Stachurski! da da da... ditch Z-Detusche:
na minute, na chwile! na jedno
i drugie dingo dingo!

Lord of the Mushroom!
and mushy peas... and... dhal...
Lord... Bel
              פִּטרִיָה               (Be-EL)

i'm shocked that the gnostics didn't...
to be honest? what was missing in Hinduism?!
what was missing in Hinduism?!
AH HA HA HA HA HA HA HA HA HA HA
AH HA HA HA HA HA HA HA HA HA HA
AH HA HA HA HA HA HA HA HA HA HA
AH HA HA HA HA HA HA HA HA HA HA
AH HA HA HA HA HA HA HA HA HA HA
AH HA HA HA HA HA HA HA HA HA HA
AH HA HA HA HA HA HA HA HA HA HA
AH HA HA HA HA HA HA HA HA HA HA
AH HA HA HA HA HA HA HA HA HA HA!

oh yeah... that's a Satanic laugh that is...
a laugh that makes the existence of soul viable...
it is a glowing...
when one internalizes laughter with eureka
and mixes it up with stage-fright and a "hate"
for the sound of one's voice...
but then from time to time...
one is caught singing while doing chores and finds
one's voice appealing to be given song
rather than words to speak or write...

but not even in Egyptian mythology...
it was coming! it was ******* coming home!
the botanical godhead...
in the pantheon was missing!
was missing in the pantheon!
the

פ
P / PH / F (greek sidelined, referee: TH)eta
ט
T
ר
R(esh)
י
    YOD: first son of Yiddish: YON... by a boy named
YON...                  a

      e                                               i
                            Λ
                            Y                                  (LY)HH
    
                  o                       y

ה
hello friend: vowel catcher and laughter generator ...
ה not Π... that one connecting letter: ח

hmm: older than capitalism and communism,
but to simply the problem up:
capitalism is the lion
and everything English...
capitalism is the bear
and everything Russian...
vice versa for communism...
the English bred their mythos on the superiority
of a lion and... a unicorn... more a Celtic, Scottish... thing...
the Russians on... a union with the bear...
the bear and the two headed eagle: ergo:
another unicorn...
like the Srbs... serbs... two headed eagle?
the Soviet downfall with the two-headed eagles
of Chernobyl?
       ******: moi... i seriously sometimes forget
my own ethnicity i'm so caught up in English
metropolitan... cosmopolitanism...
      the Global City-Free-States... CITIES AS STATES...
very imaginable...

not City-States... rather... on the global connectivity
project?
what Dinosaur what meteor?
what super-volcano what Yellowstone
what man?
  it's a bit like Pompeii...
give the worlds greatest party and then the volcano
explodes...
better than a meteor: a volcano killed us...
Yella Big Yella...
            the greatest, supposedly no OB-EASE:
into obese...
          ah ah... tongue out... speak! the prolonged A
of neither ah not āh...
                      -
                        2

                                      ****... that's chemistry's notations...
                     2
                  -                                 (huh?!)

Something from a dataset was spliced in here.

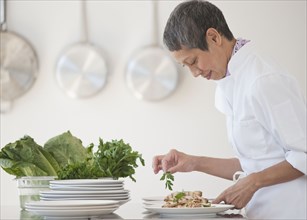 Chinese chef plating meals in professional kitchen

the macron over the A... for AAH...
i.e. not an:                                                      ah!

                        á!
                                               A
    
                                   H                        H

           á                                   'ey?!
                                ha ha: key?    hey?!

the burial ground of...
    hmm...
               BEE-EL...
      
PHTRYH: the godhead is that of a mushroom...
people partied to the music of: infected mushroom...
a god is making himself known...
like the false god of H. P. Lovecraft
horror-imago: Nyarlathotep...

precisely! what vowels!
PH or P or F?
   two H's emerged... a good sign that it's PH
for aesthetic reasons...
scribbling this down...
i feel like i'm actually left-handed...
a diametrical opposition to the stasis-enforced
gravity of nothing falling: everything sitting...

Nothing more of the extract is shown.